REQUIRED WORK: A picture-free, exact transcript of the entries below is required.

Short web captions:
--- START ---

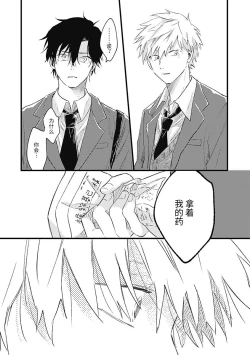 Page 52 of Anzen de Nai Bokutachi wa | 并不安全的我们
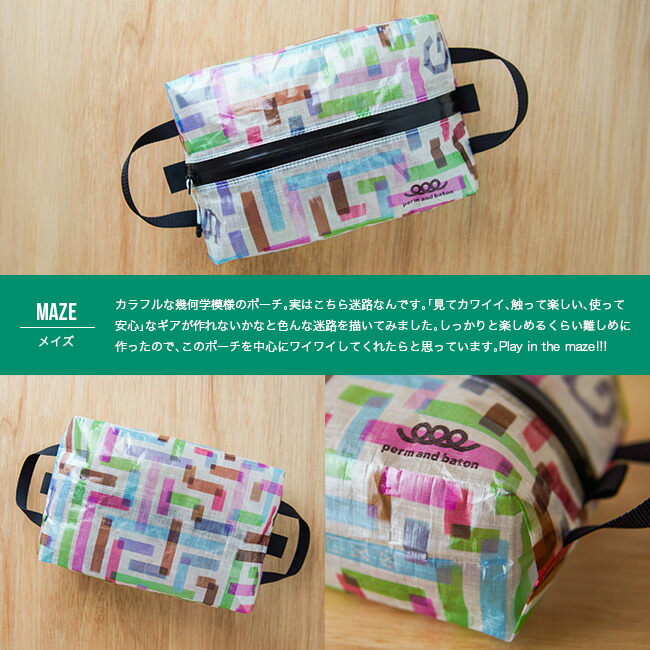 楽天市場】パーマンドバトン センタージップサックM permandbaton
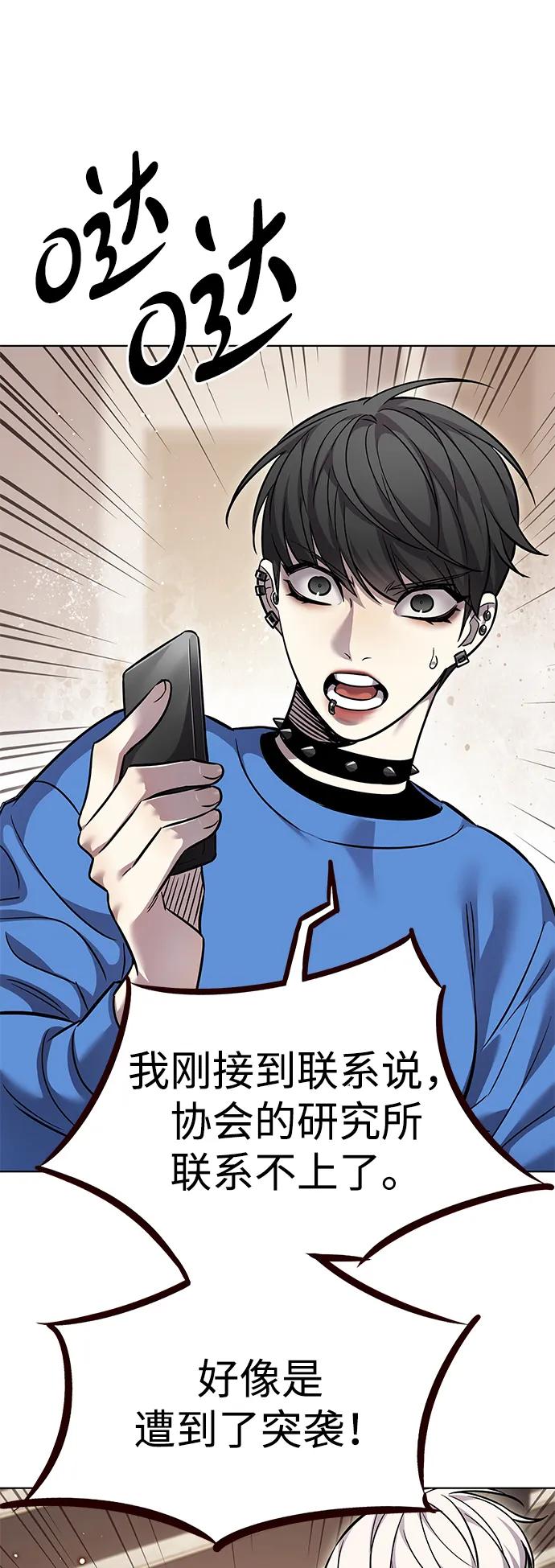 觉醒吧铲屎官167漫画,第349话3图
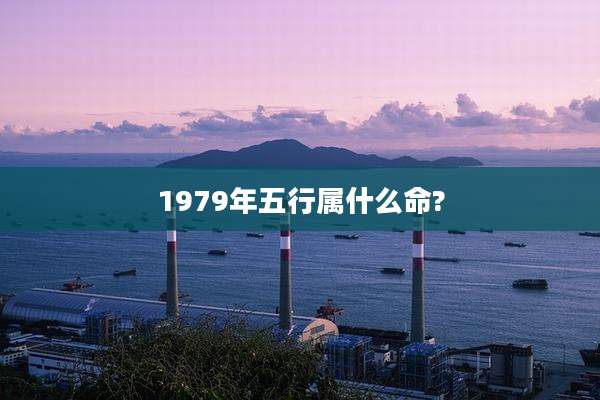 1979年五行属什么命?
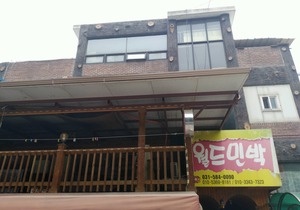 Worldhouse1 Gapyeong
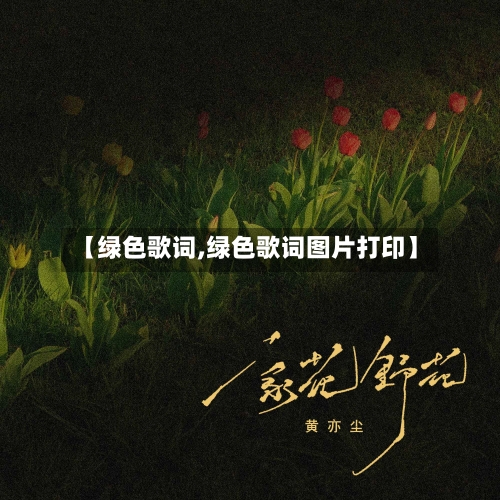 【绿色歌词,绿色歌词图片打印】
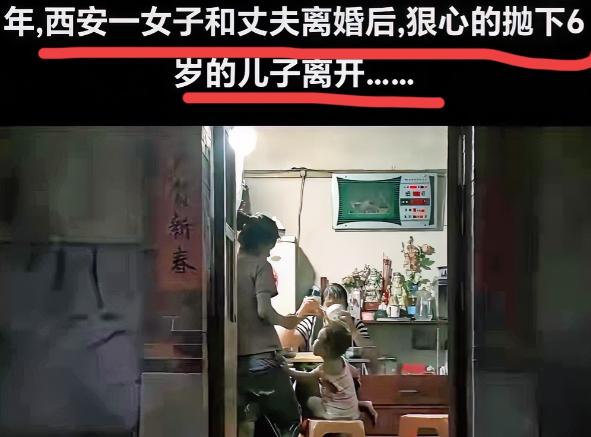 西安一女子离婚后翻脸不认亲儿子，6岁的孩子丢下一走了之，继母视如己出含泪养大了没
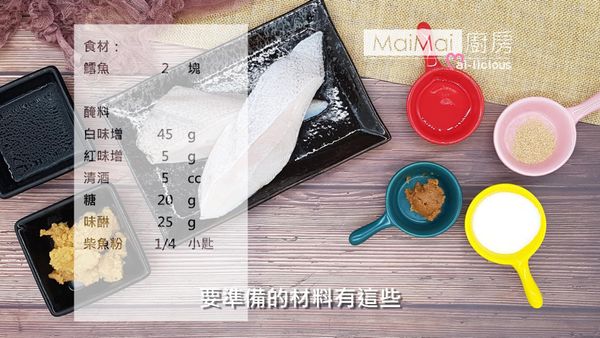 這是所需要的食材和配料。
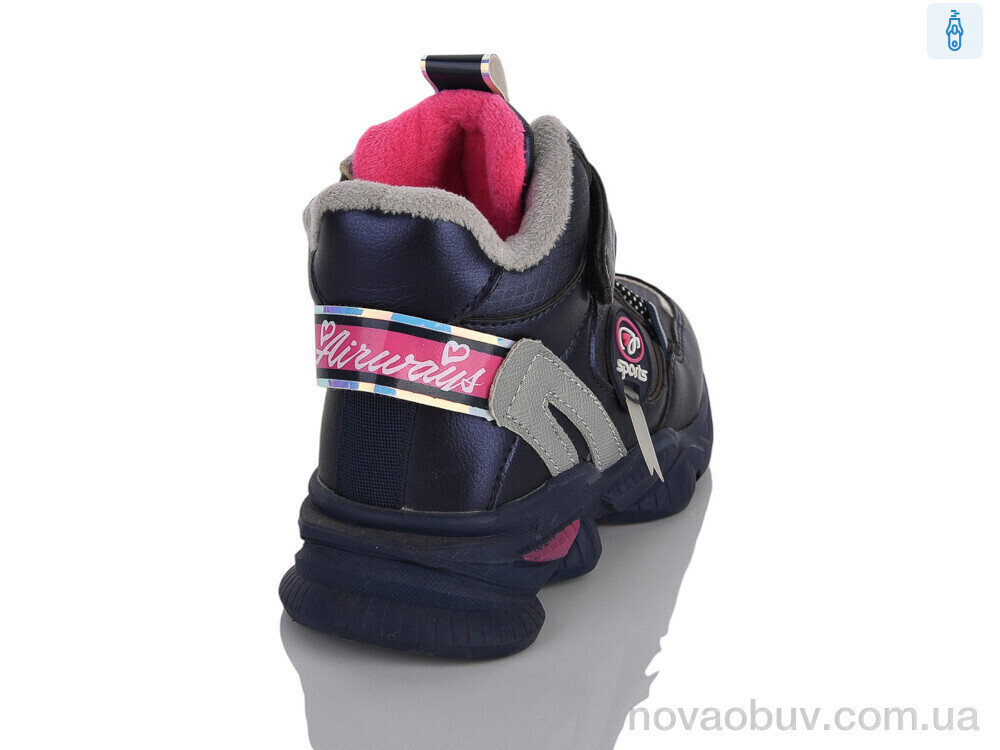 Черевики Xifa kids XXF02-2021-3-2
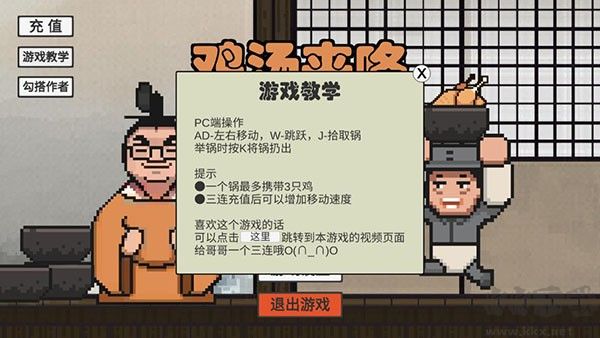 雞湯來咯安卓版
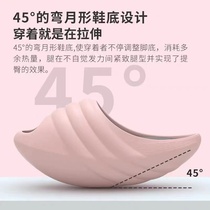 Felton – chaussures à secouer pour la maison belles jambes pantoufles populaires de Wu Xin à semelles épaisses pour étirements Yoga conque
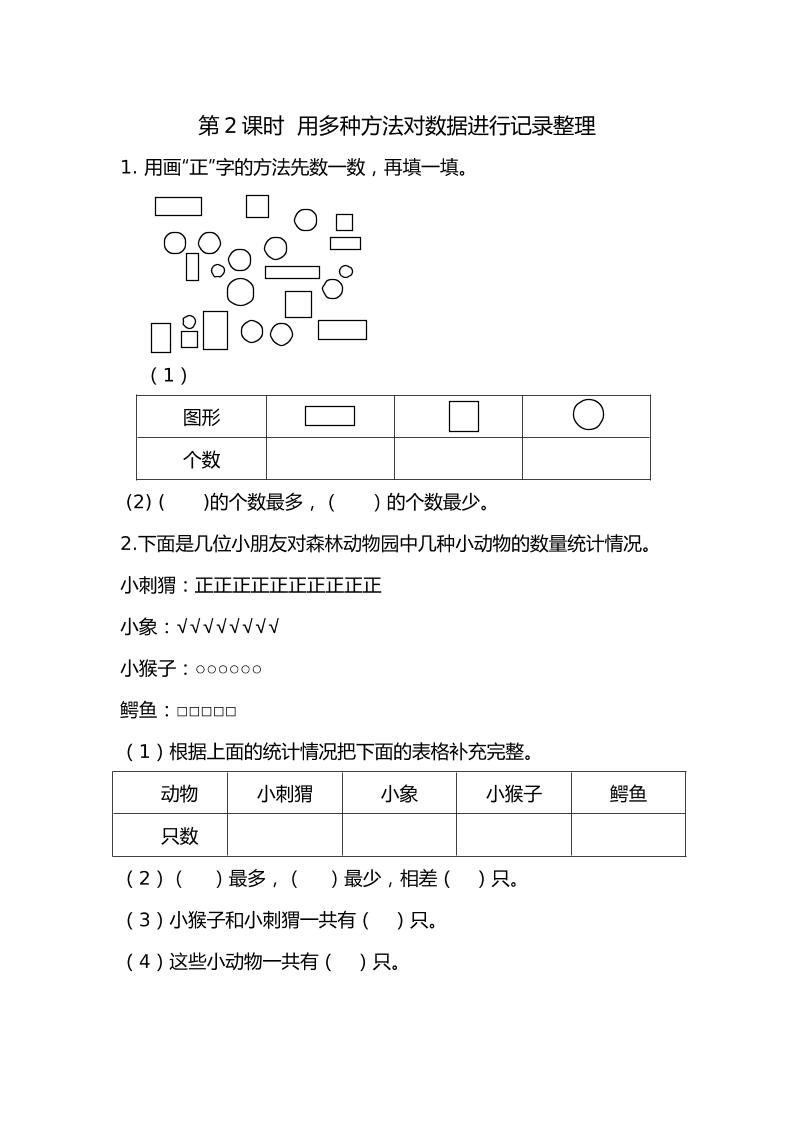 二下丨数学1.2用多种方法对数据进行记录整理（人教版）_练习题|试卷|知识点|复习提纲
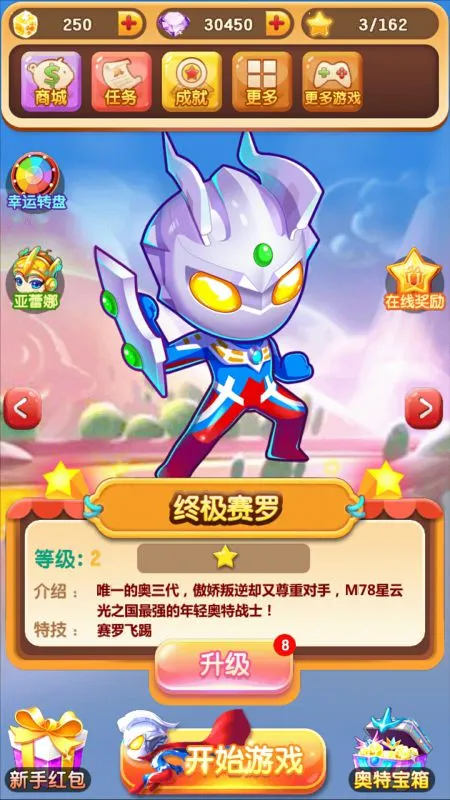 奥特曼超人之银河守卫队(奥特曼塔防游戏)v2.2.0(4)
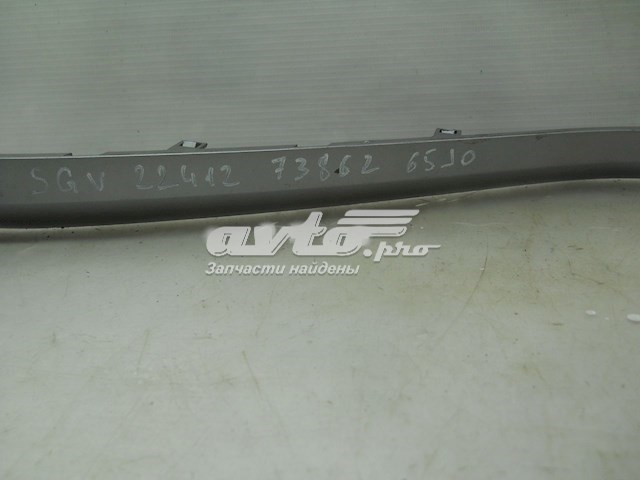  Suzuki 7386265J0 ціна, від 12.81 USD
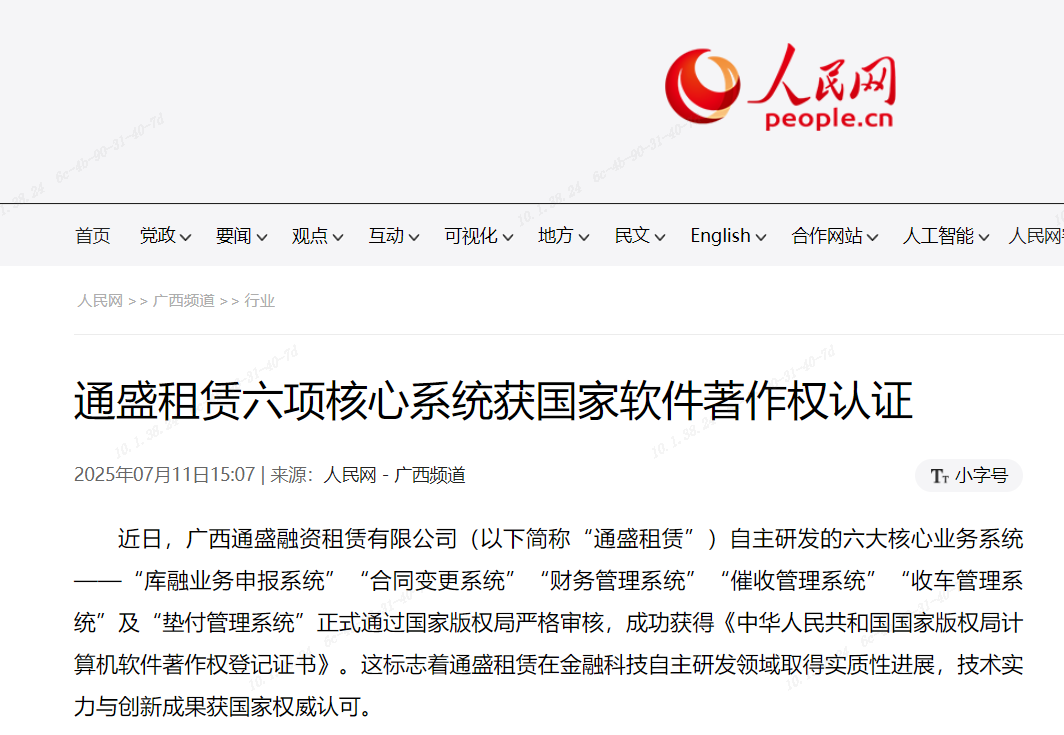 首页-KY开元游戏集团官网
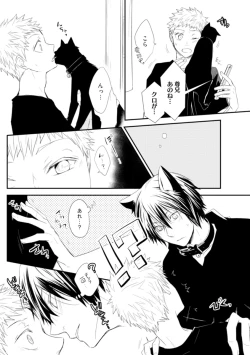 Page 107 of Ito Koi - Jin Ookami Hen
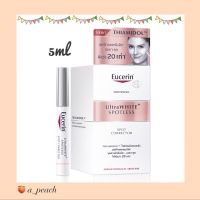 พร้อมส่ง Eucerin Ultrawhite Spotless Spot Corrector Whitening 5ml Exp: 2024 เดือน 11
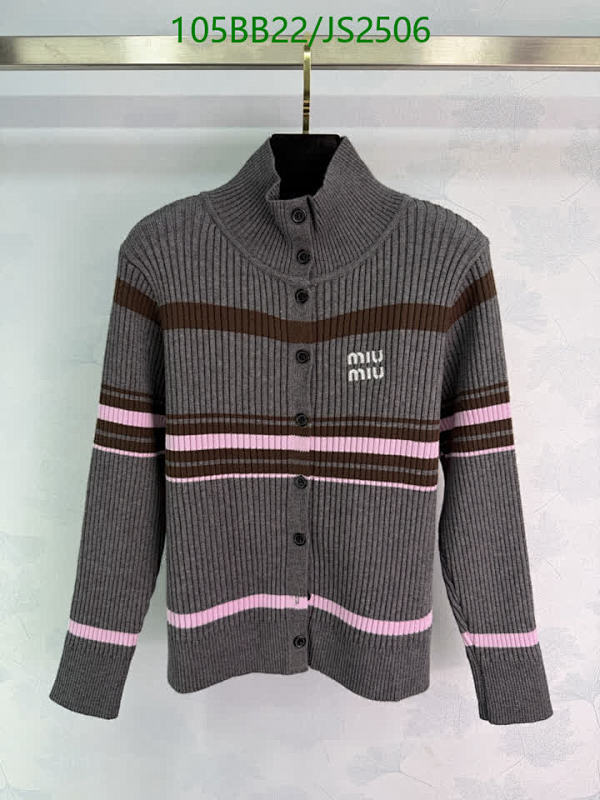 Miu Miu Wool Blend Striped Cardigan, Gray with Pink & Brown Stripes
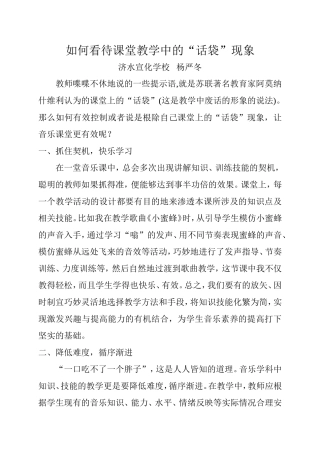如何看待课堂教学中的话袋现象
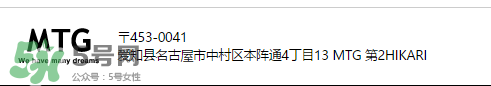 refa美容儀在日本哪里買(mǎi) 日本哪里有refa專(zhuān)柜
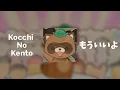 Download Lagu kocchi no Kento - もういいよ(moiiyo) 1hour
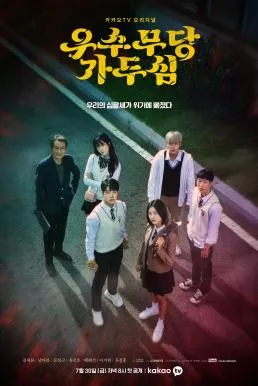 ดูหนัง The Great Shaman Ga Doo Shim (2021) สาวน้อยแม่มด ซับไทย เต็มเรื่อง | 9NUNGHD.COM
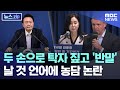 두 손으로 탁자 짚고 '반말'..날 것 언어에 농담 논란 [뉴스.zip/MBC뉴스]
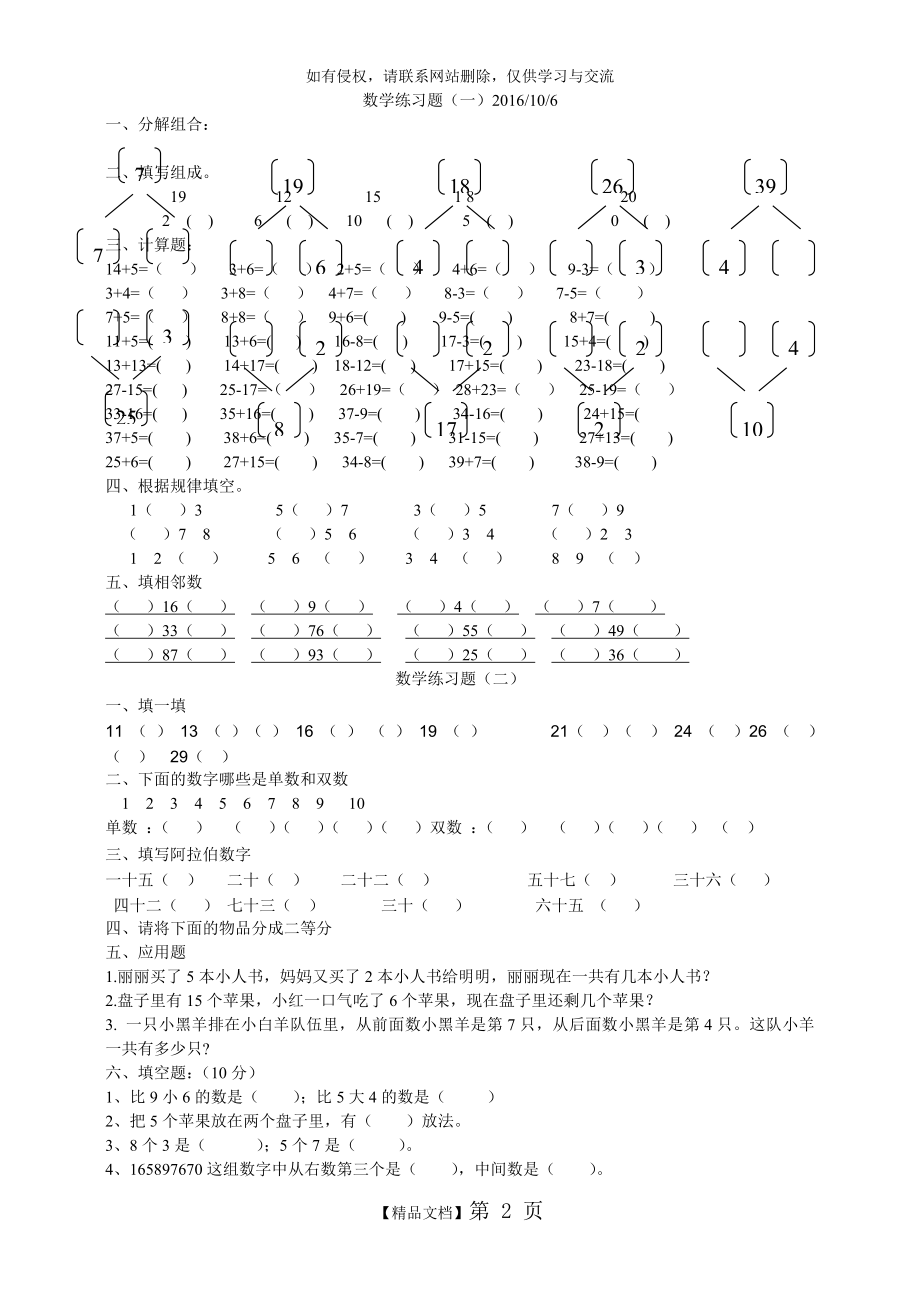 幼儿园大班数学思维题.doc_第2页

--- END ---

WRITTEN ANSWER:
 Page 52 of Anzen de Nai Bokutachi wa | 并不安全的我们
 楽天市場】パーマンドバトン センタージップサックM permandbaton
 觉醒吧铲屎官167漫画,第349话3图
 1979年五行属什么命?
 Worldhouse1 Gapyeong
 【绿色歌词,绿色歌词图片打印】
 西安一女子离婚后翻脸不认亲儿子，6岁的孩子丢下一走了之，继母视如己出含泪养大了没
 這是所需要的食材和配料。
 Черевики Xifa kids XXF02-2021-3-2
 雞湯來咯安卓版
 Felton – chaussures à secouer pour la maison belles jambes pantoufles populaires de Wu Xin à semelles épaisses pour étirements Yoga conque
 二下丨数学1.2用多种方法对数据进行记录整理（人教版）_练习题|试卷|知识点|复习提纲
 奥特曼超人之银河守卫队(奥特曼塔防游戏)v2.2.0(4)
  Suzuki 7386265J0 ціна, від 12.81 USD
 首页-KY开元游戏集团官网
 Page 107 of Ito Koi - Jin Ookami Hen
 พร้อมส่ง Eucerin Ultrawhite Spotless Spot Corrector Whitening 5ml Exp: 2024 เดือน 11
 Miu Miu Wool Blend Striped Cardigan, Gray with Pink & Brown Stripes
如何看待课堂教学中的话袋现象
 refa美容儀在日本哪里買(mǎi) 日本哪里有refa專(zhuān)柜
 Download Lagu kocchi no Kento - もういいよ(moiiyo) 1hour
 ดูหนัง The Great Shaman Ga Doo Shim (2021) สาวน้อยแม่มด ซับไทย เต็มเรื่อง | 9NUNGHD.COM
 두 손으로 탁자 짚고 '반말'..날 것 언어에 농담 논란 [뉴스.zip/MBC뉴스]
 幼儿园大班数学思维题.doc_第2页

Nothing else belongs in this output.